━━━ Input data ━━━

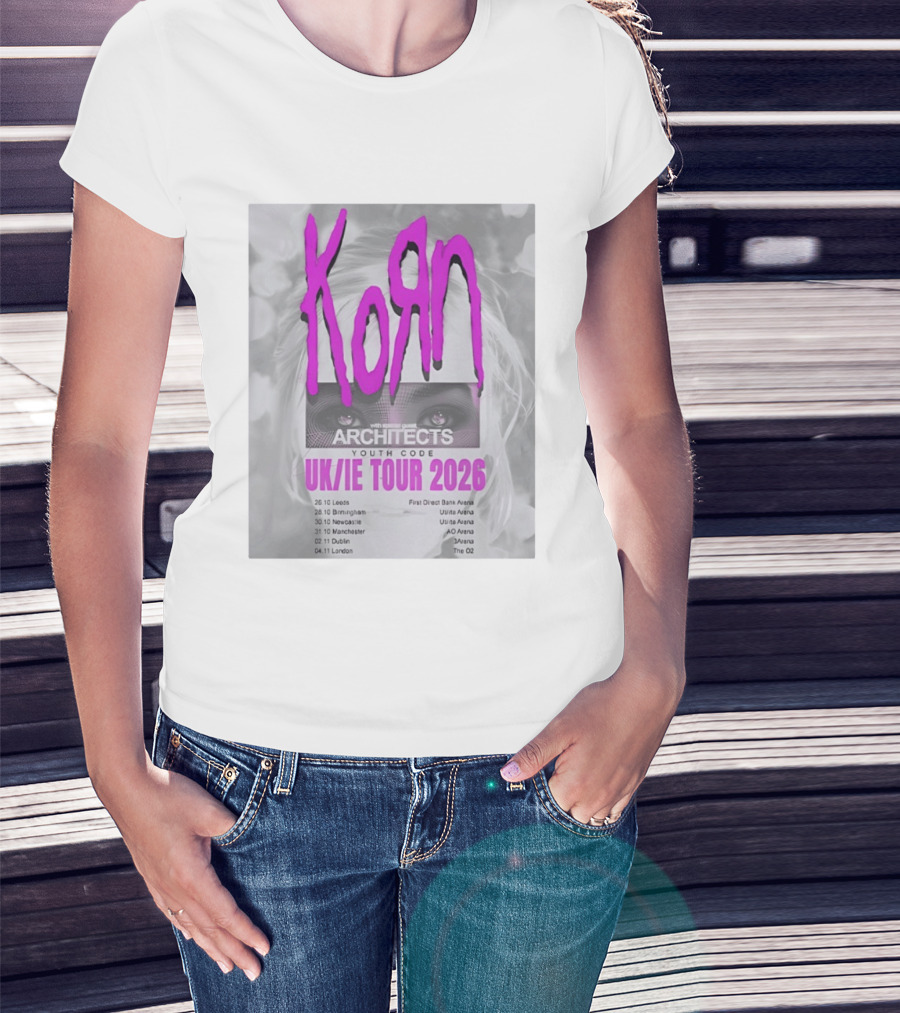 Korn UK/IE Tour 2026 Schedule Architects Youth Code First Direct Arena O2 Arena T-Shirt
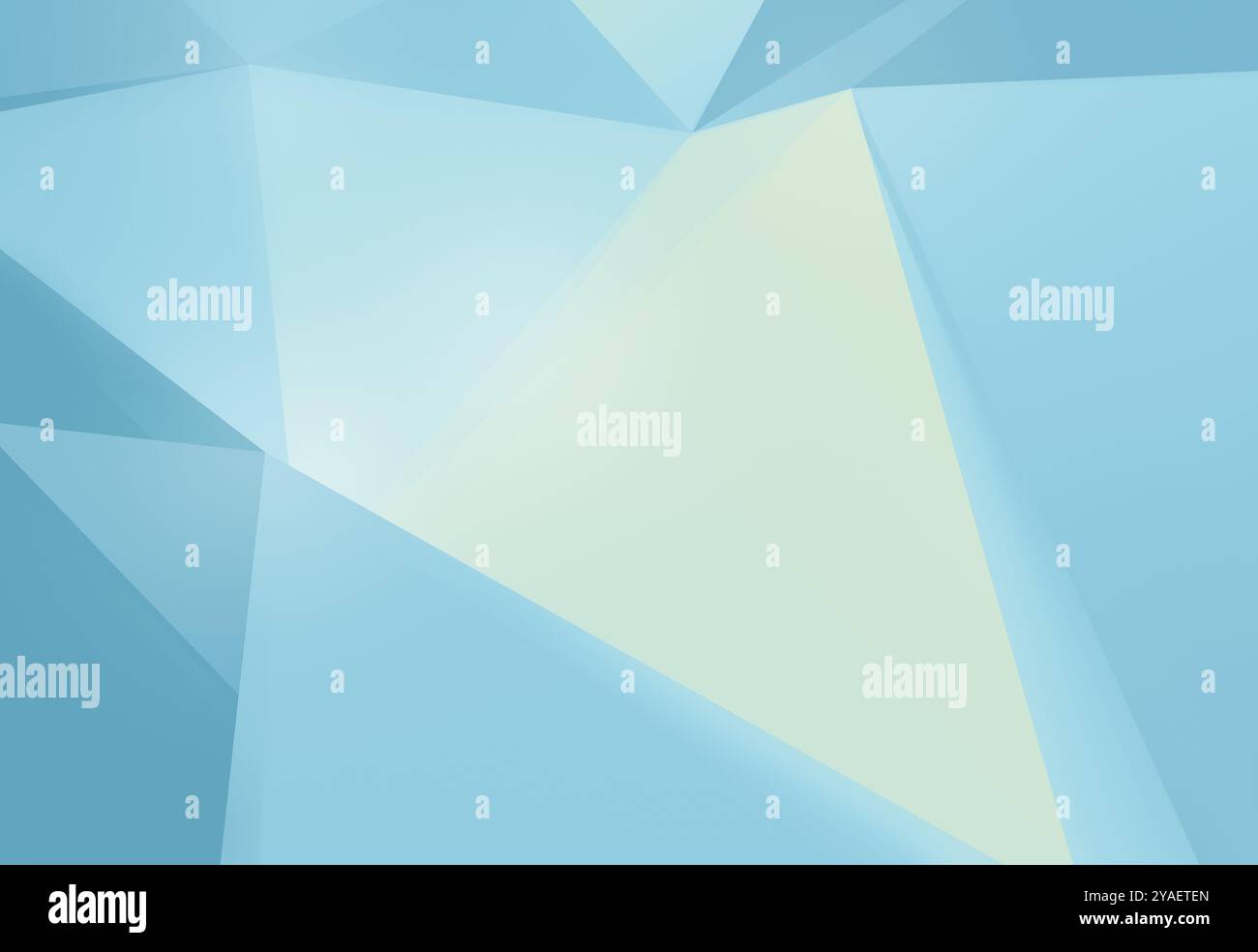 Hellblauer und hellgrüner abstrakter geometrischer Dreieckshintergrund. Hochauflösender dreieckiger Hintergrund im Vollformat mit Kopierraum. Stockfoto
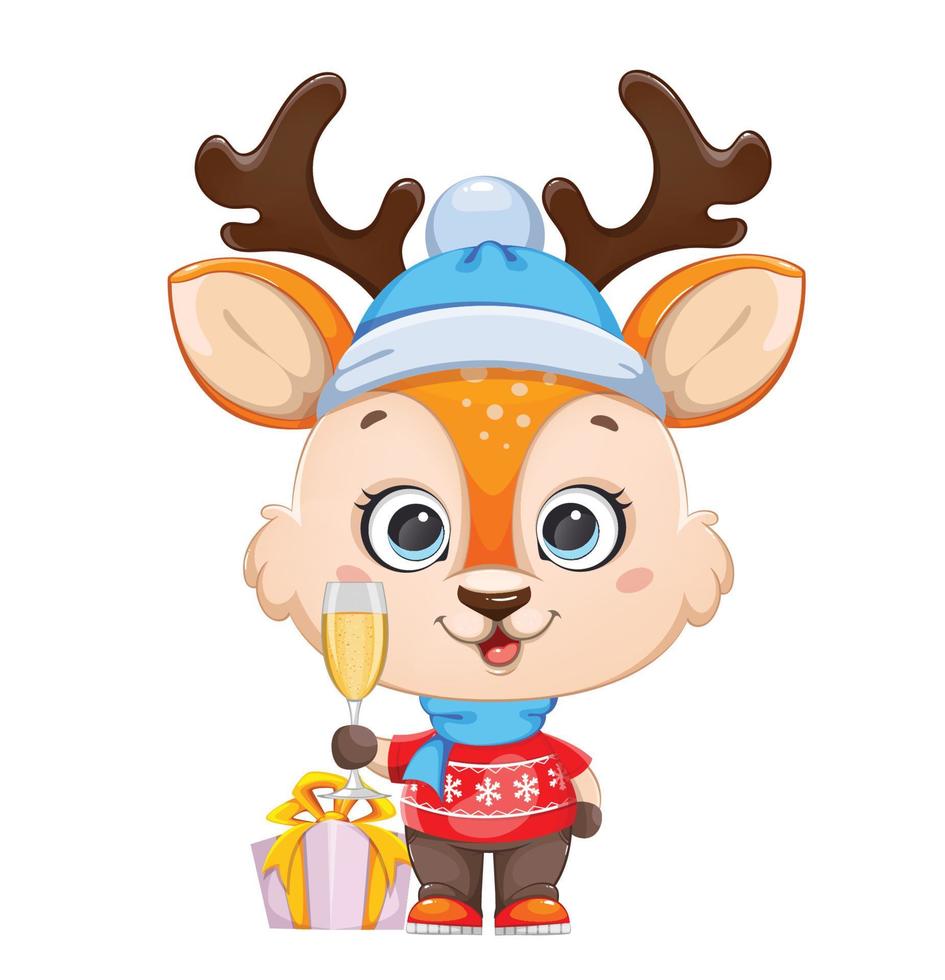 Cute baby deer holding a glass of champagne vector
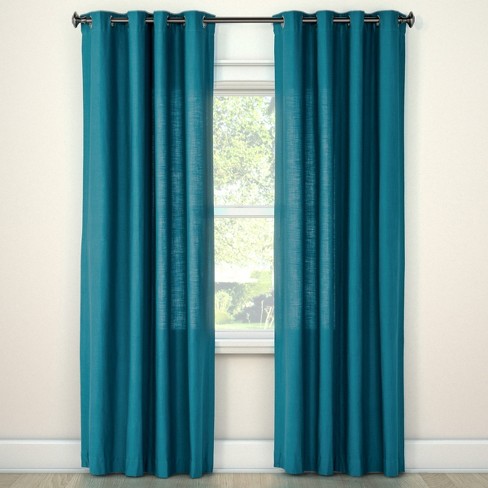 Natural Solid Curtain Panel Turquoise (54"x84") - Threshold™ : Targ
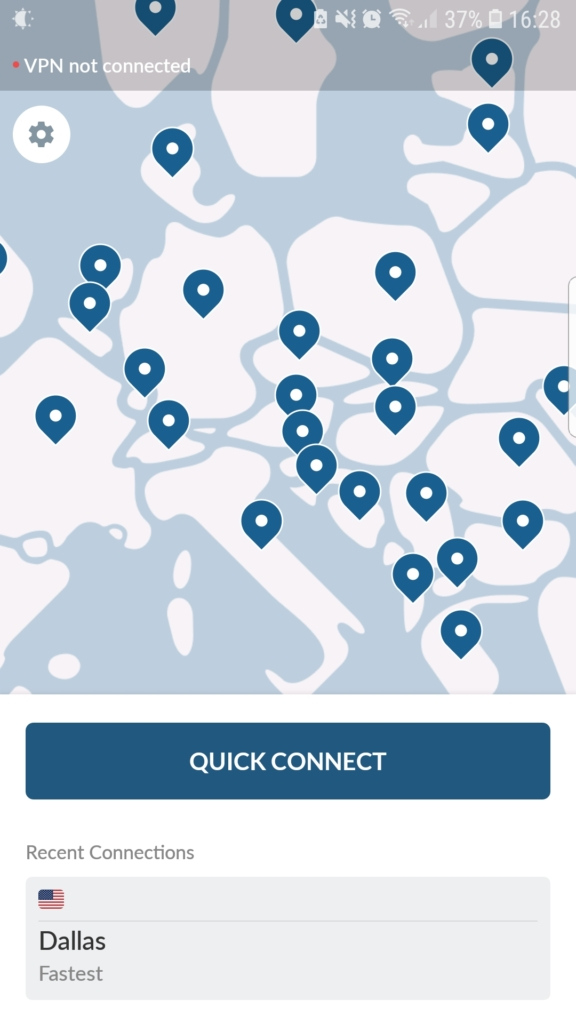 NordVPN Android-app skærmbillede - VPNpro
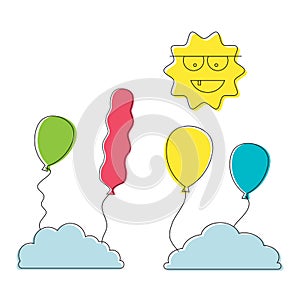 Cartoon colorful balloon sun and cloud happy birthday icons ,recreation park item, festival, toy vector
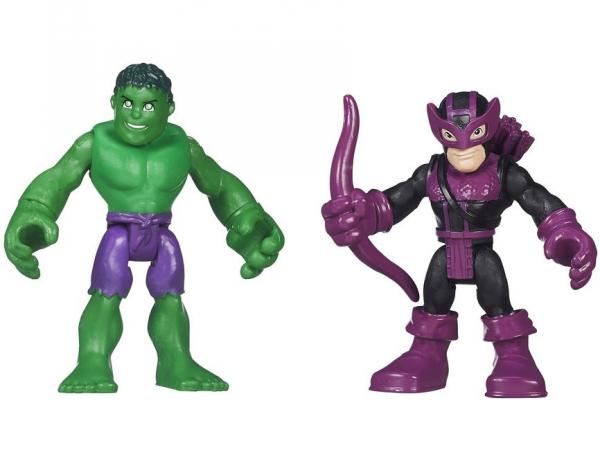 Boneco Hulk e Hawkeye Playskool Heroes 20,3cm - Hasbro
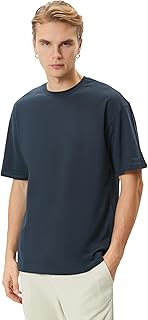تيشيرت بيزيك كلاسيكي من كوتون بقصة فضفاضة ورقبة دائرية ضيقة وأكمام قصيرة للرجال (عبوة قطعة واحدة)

━━━

Transcribe exactly, please, the lines between the start of the records above and the line holding "NordVPN Android-app skærmbillede - VPNpro", counting both of those lines and omitting pictures.

 Korn UK/IE Tour 2026 Schedule Architects Youth Code First Direct Arena O2 Arena T-Shirt
 Hellblauer und hellgrüner abstrakter geometrischer Dreieckshintergrund. Hochauflösender dreieckiger Hintergrund im Vollformat mit Kopierraum. Stockfoto
 Cute baby deer holding a glass of champagne vector
 Natural Solid Curtain Panel Turquoise (54"x84") - Threshold™ : Targ
 NordVPN Android-app skærmbillede - VPNpro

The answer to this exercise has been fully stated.